Simon Sinek earned a BA degree in cultural anthropology from Brandeis University; he attended City University in London with the intention of becoming a barrister, but left law school to go into advertising. He was interviewed in August of 2014 by John Wall on the RoninMarketeer site in connection with the launch of his second book “Leaders Eat Last.” Here are some excerpts that highlight his insights about why leaders and advertisers should put people first.
Push Authority To Where The Action Is
Or Risk Creating More Bureaucracy
The CEO of the Ritz-Carlton famously said, “My lowest paid employees have all the contact with my customers.” In other words, if you want to know what’s going on, on a daily basis, it’s the people at the front lines.
The problem is, they have all the information and none of the authority. The opportunity is not to push the information up, the information is to push the authority down. When we give the people at the front line more authority, good things happen. When we force them to push information up, it just creates more bureaucracy, is all it does.

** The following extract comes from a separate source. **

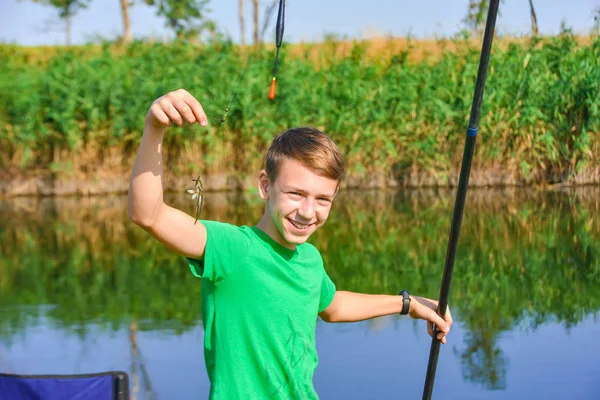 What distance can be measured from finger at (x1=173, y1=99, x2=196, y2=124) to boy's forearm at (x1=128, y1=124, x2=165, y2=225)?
0.29ft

To make this work leadership has to be certain of shared values and has to communicate strategic intent throughout the organization. The paradoxical impact of a lot of informal and communication technology has been to increase the temptations for micromanagement. The challenge is to use these technologies to complement executive intent to delegate authority and really enable faster and more locally appropriate action. Not to create a “1984” telescreen model where every move is monitored.
Don’t Put a Progress Bar On An Ad
Measure When And How Often They Turn It Off
I watch Hulu. When an ad comes on, I can’t skip it, but there’s now a progress bar that tells me when it’s going to end. You know why they put progress bars on things? We put progress bars on things we find torturous, like software updates. If you have to put progress bar on your product, maybe you have a bad product.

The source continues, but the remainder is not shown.